In New Delhi, digital marketer Repswal said he would typically charge Rs 150,000 for a month’s service for creating digital content, providing a database of mobile numbers and then sending 300,000 WhatsApp messages.

He uses a piece of software named “Business Sender” which he said he also sells for Rs 1,000.

A person can add many mobile numbers in a field and compose messages with pictures. Using a so-called “Group Contacts Grabber” feature, the user can also extract a list of mobile numbers from a particular WhatsApp group with a click of a button.

Repswal didn’t name the two BJP members he worked for, but in a demonstration, added dozens of mobile numbers in the software, typed a test message saying “your vote is your right” and hit “send”. Then, his WhatsApp web version started delivering the messages almost robotically, one after the other.
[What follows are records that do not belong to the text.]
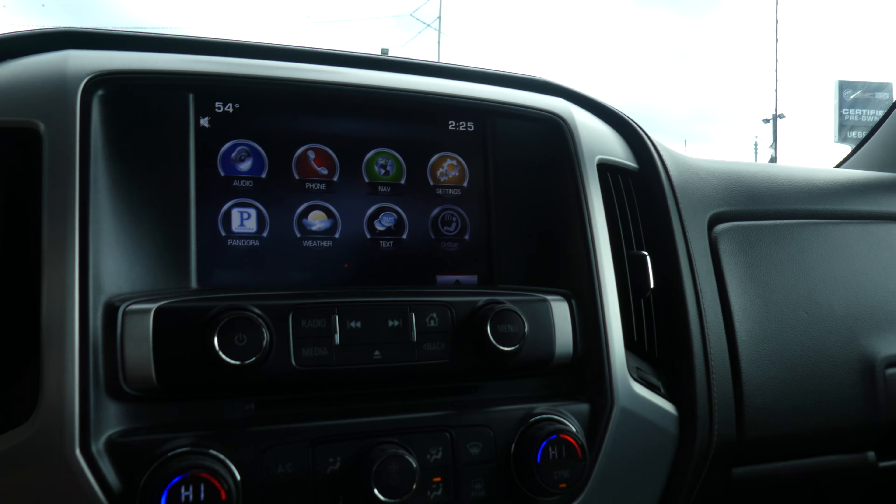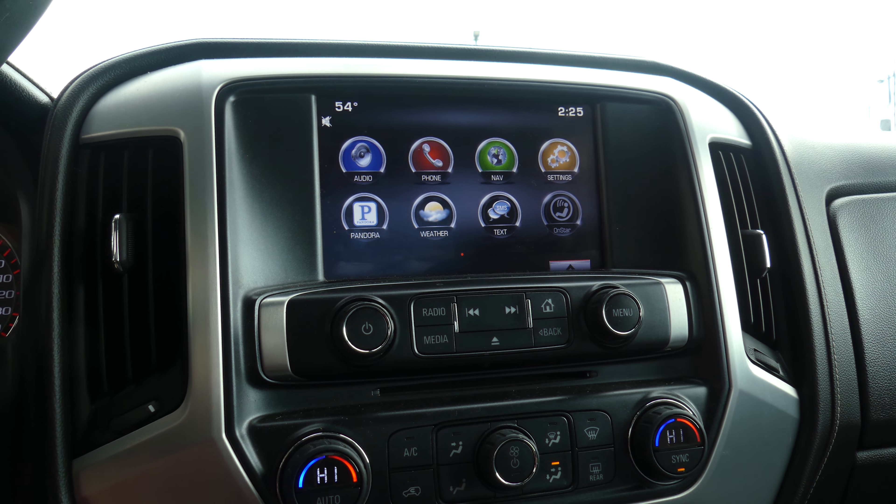Hello and welcome back to Blurbia GMC online showroom. Today we're gonna have a quick look at this 2015 GMC Sierra Z71 four-wheel drive.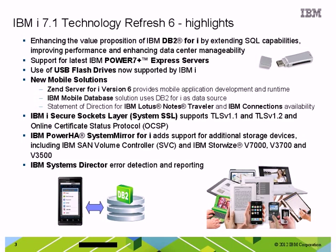Secondly, we are supporting the latest hardware that's just been announced from IBM. This hardware is now built on the Power 7 Plus chip technology and provides a new level of price performance. We're also supporting USB attached flash drives. Flash drives have been around for a while in the industry, and now you can plug them into your IBM i system and use them for things like data copying and data transfer.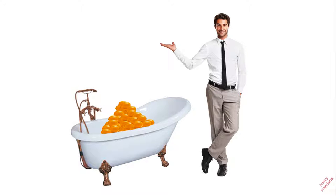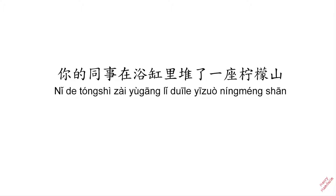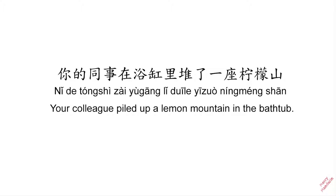This guy seems to be incredibly enthusiastic about his lemons. Let's take a look at the sentence: 你的同事在浴缸里对了一座檸檬山 — which means 'Your colleague piled up a lemon mountain in the bathtub.'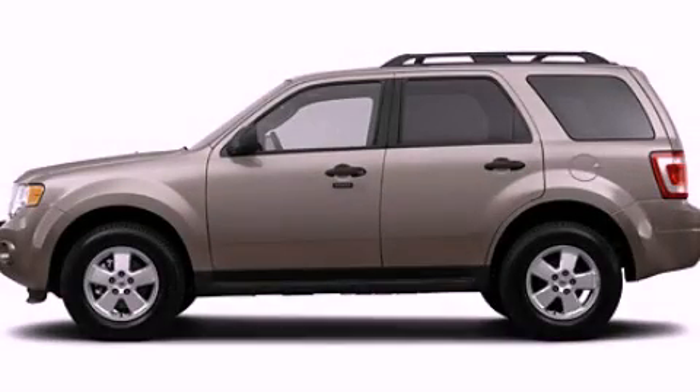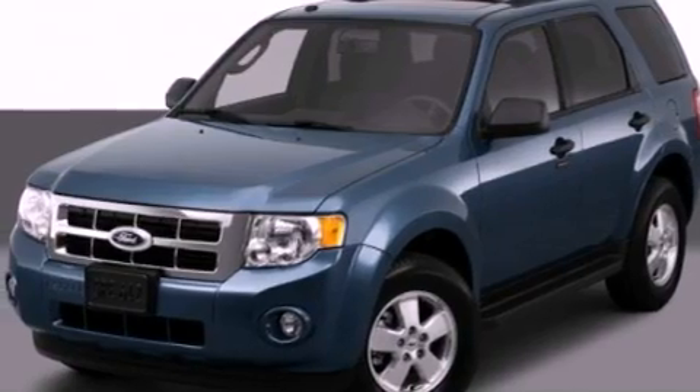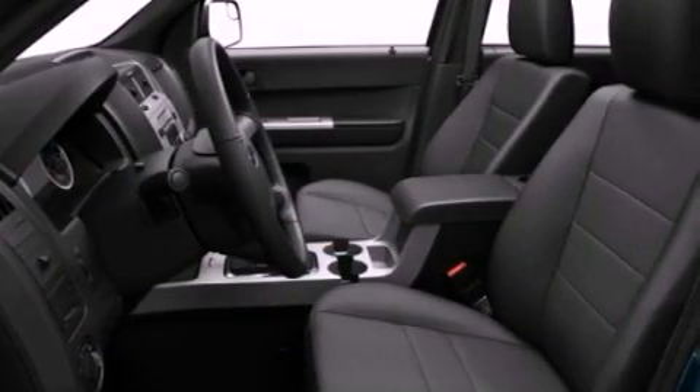This is a 2012 Ford Escape, a great blend of utility, comfort, and style. It has a 3.0-liter six-cylinder engine and an automatic transmission.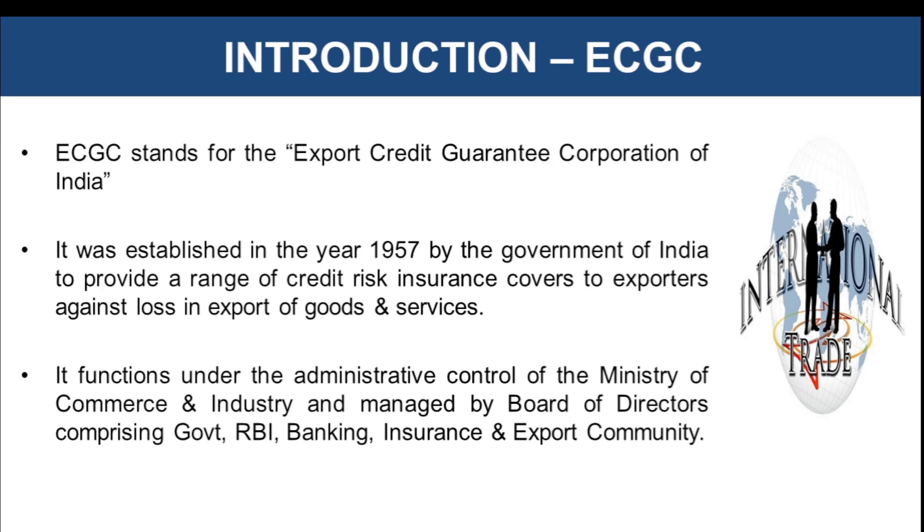Let's understand this with an example. Imagine you are running a business that manufactures and exports garments to the US. Most exporters today are doing business on a credit basis, which means goods are shipped first and payment is received after the goods are delivered to the buyer or importer. Now what if you have delivered the goods from India and the buyer settled in the US is facing a financial crisis and refuses to make payment, or the buyer becomes insolvent and does not want to continue with the trade agreement.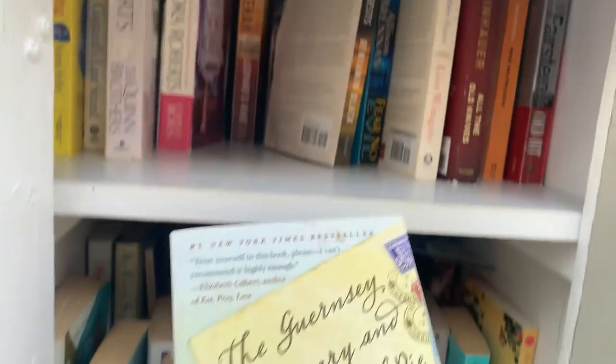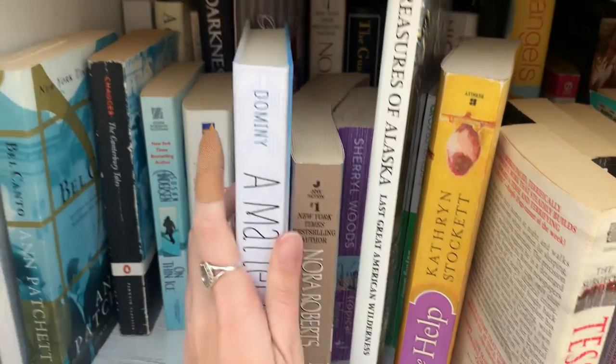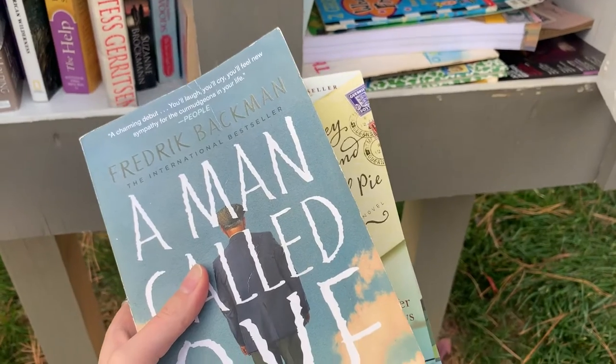That was only my second little library and I've already had more success than my first video. That one was great — had a lot of good stuff in it. Had 'Pride and Prejudice,' which I don't need because I have more than one copy. Had quite a few Nicholas Sparks books in there, had the book 'Redeeming Love' — they made a movie for that. I didn't want to pick it up since I already got two other ones I was interested in, but that was exciting and I got two from there, which is great.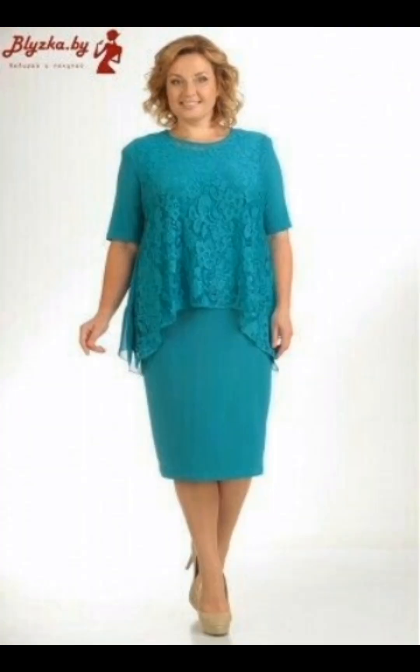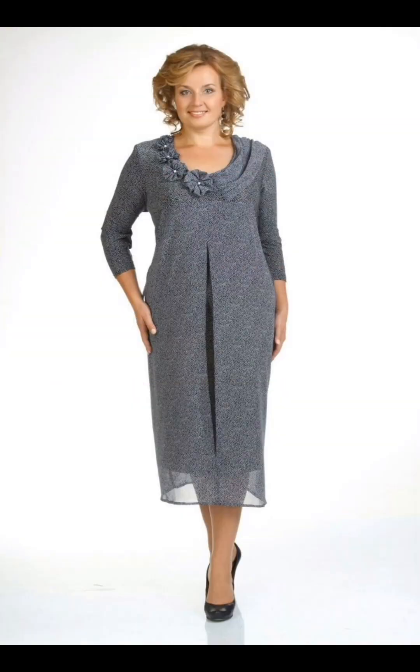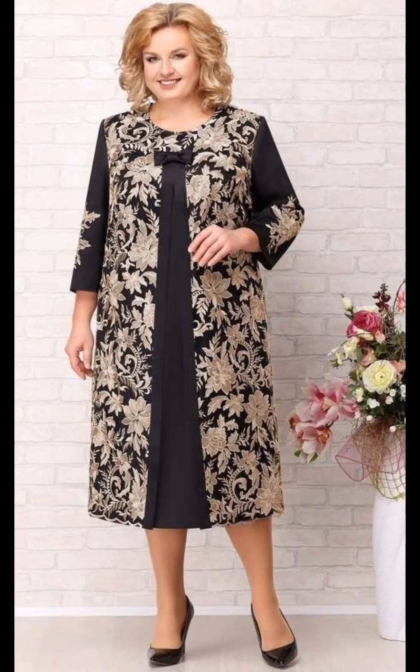Enhancing the beauty of mother of the bride dresses involves considering various elements such as styling, accessories, and personal preferences. If you desire to wear any of these dresses, here are some tips: choose a dress that complements the body shape and enhances the wearer's best features. Opt for fabrics that have a luxurious and elegant feel, such as silk, lace, chiffon, or velvet.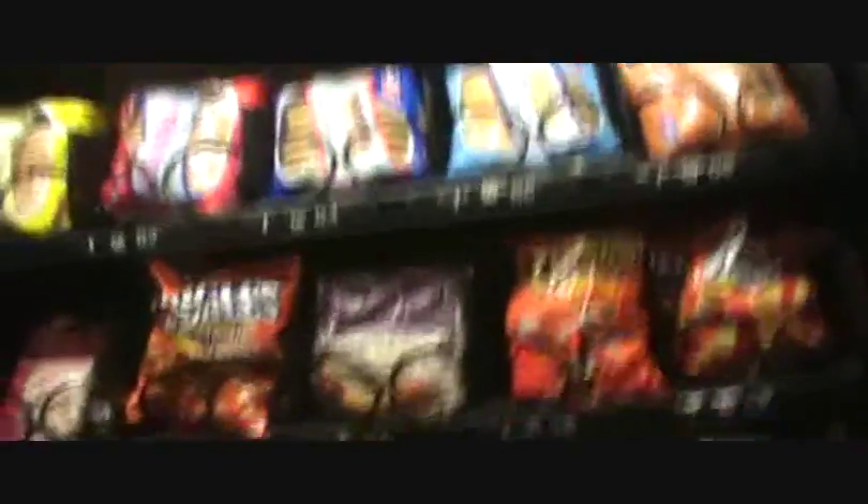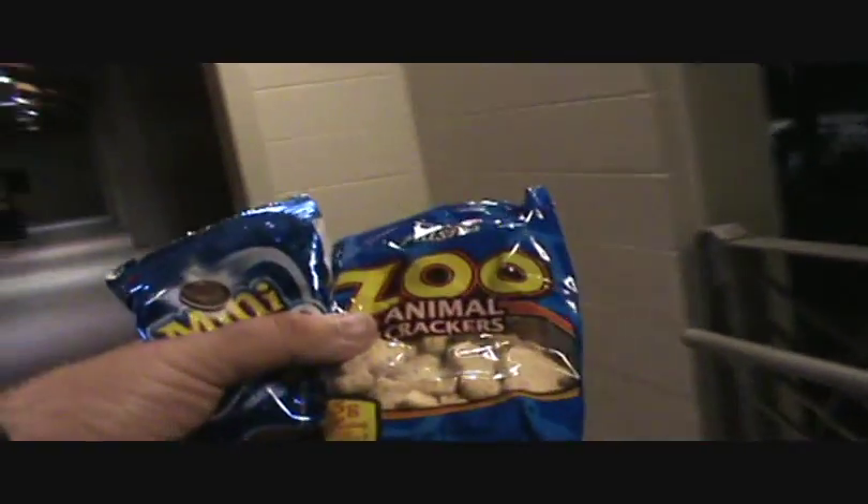Let's see what I can come up with. I came up with animal crackers and mini Oreos. That's what I'm going to munch on.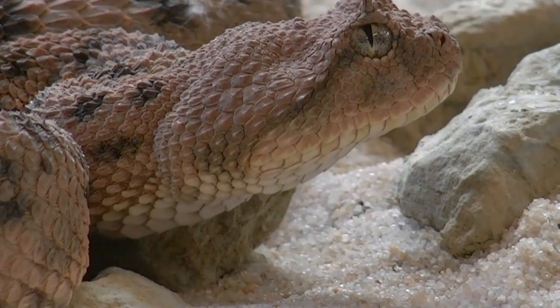Hi guys, welcome to my YouTube channel. In this video, I am going to tell you about snakes.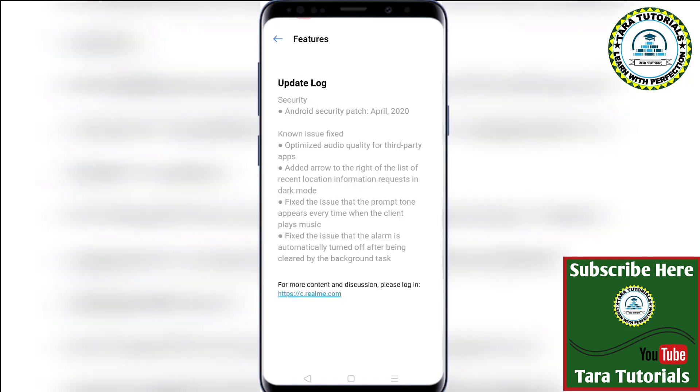Here you can check what new things you are going to get with this Android 10-based Realme UI C3 update. The first feature is the Android security patch update for the month of April 2020. Realme phones are really very particular in this aspect — every month you get a timely update for the Android security patch.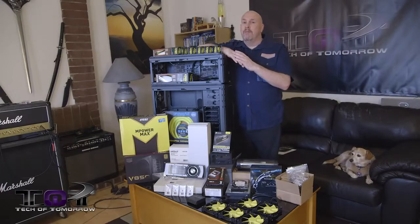Hey, what's going on tech fans, welcome back once again to Tech of Tomorrow, bringing you all the tech all the time. Now for you folks who follow the channel, you guys know that we really like to build custom systems. Last year we did about five or six of them; this year we plan on doing more.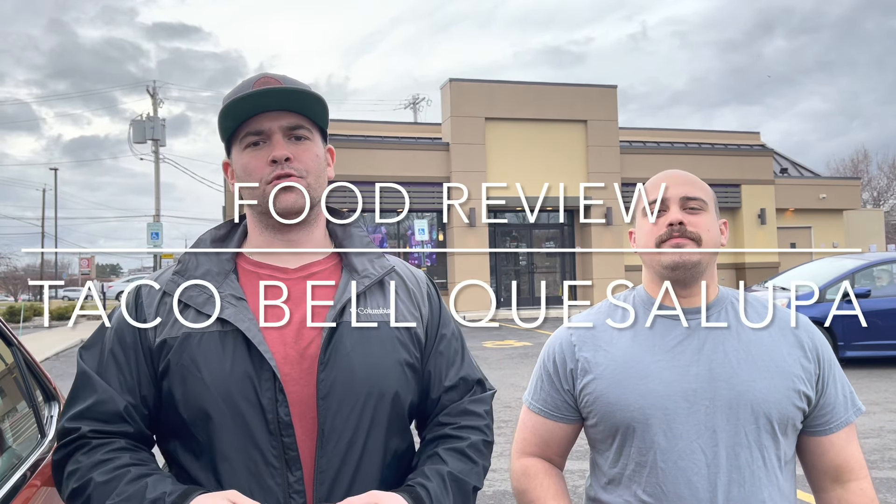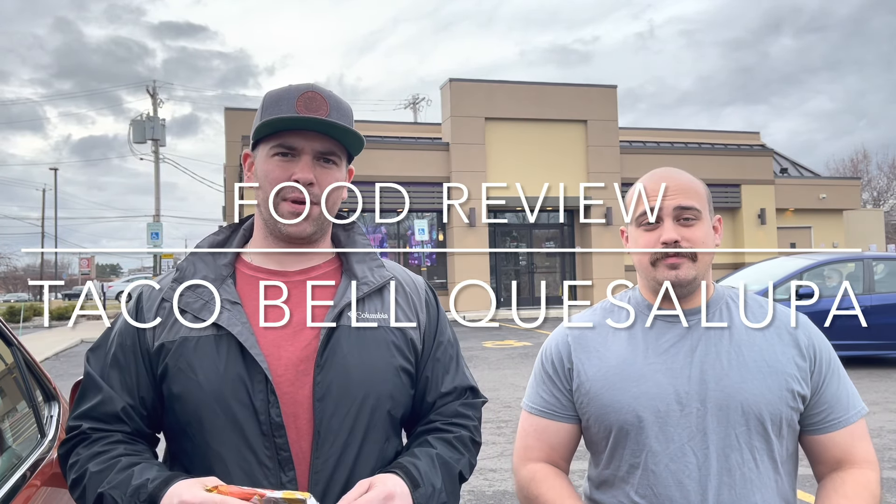What is up YouTube? Your boys from There You Have It back with yet another food review. This time we're thinking outside the bun. We got a little Taco Bell.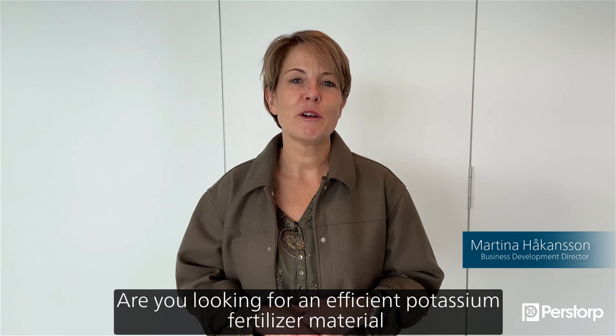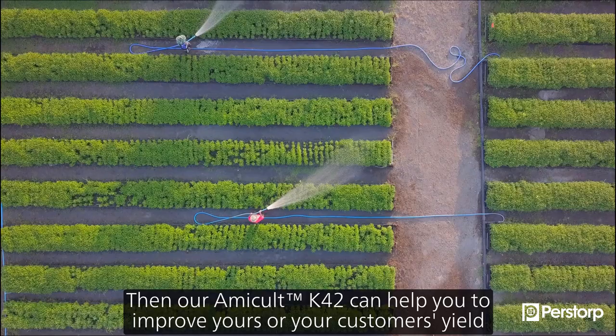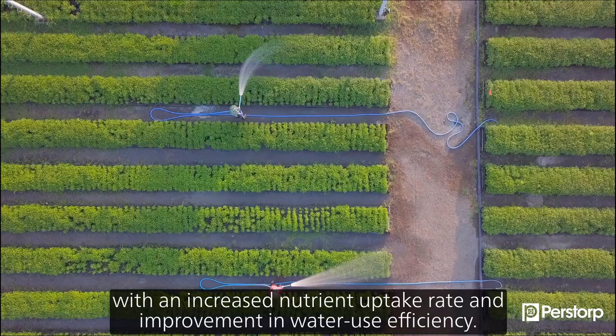Looking for an efficient potassium fertilizer material with high foliar uptake rates that can help you improve your productivity? Then our Amical K42 can help you improve your customers' yield with an increased nutrient uptake rate and also improve water use efficiency.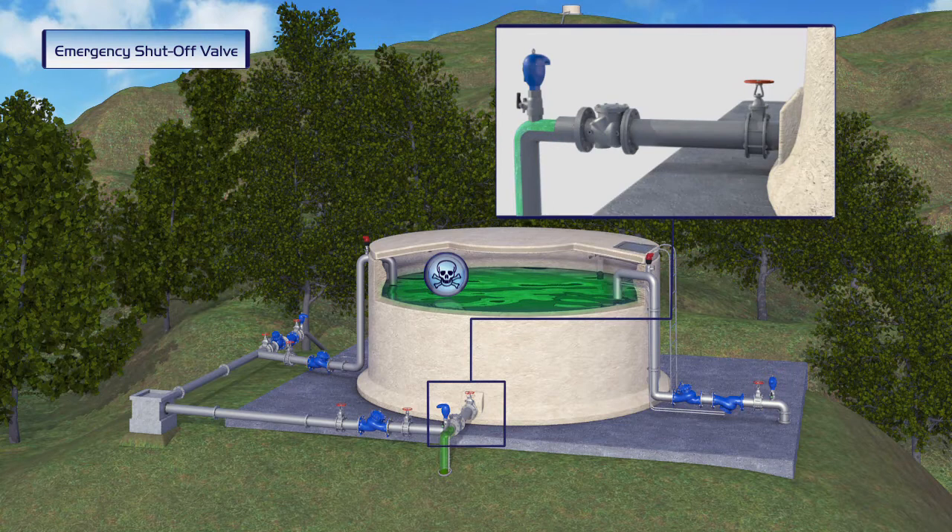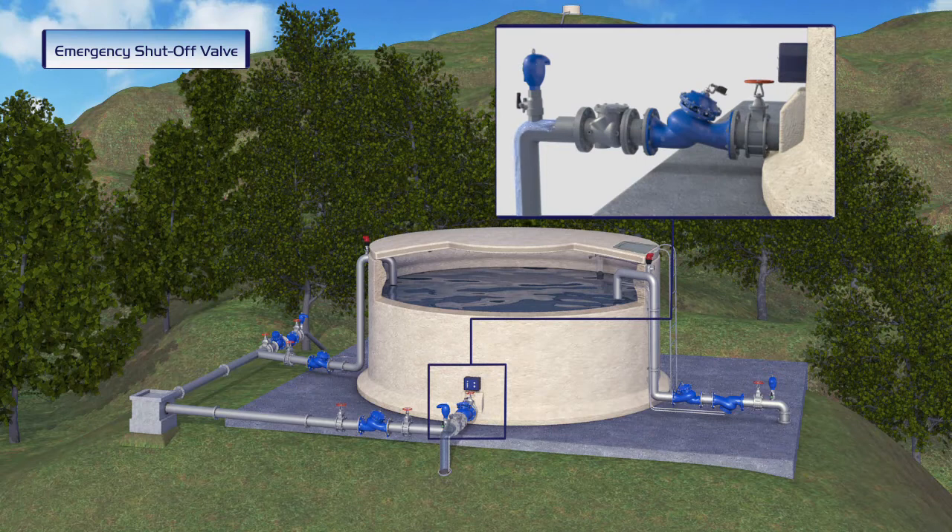A Bermat emergency shutoff valve is installed at the outlet of the reservoir. Water continues to be supplied to the local residents since the valve is kept open during regular operation.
Business Sender was “not supported or endorsed” by WhatsApp and was developed by “Tiger Vikram Mysore INDIA”, its system properties said.

A member of the software support team at Business Sender, Rajesh K, declined to identify the developer by his real name, but said the tool was designed in Lebanon about four months ago and takes advantage of what he called a “loophole” in WhatsApp’s system.

“This is not rocket science or fabricated software,” said Rajesh. “There are hundreds of such software available.”

In April, when a Reuters reporter responded to a text message with an “Election Special” offer of sending 100,000 “bulk WhatsApp” messages for Rs 7,999, he was invited to an office in a dusty industrial area of Noida in northern Uttar Pradesh state.

“How many messages you want to send, tell us: 10,000, one million, two million,” a representative asked while showing a black-coloured, password-protected website they use for sending bulk WhatsApp messages.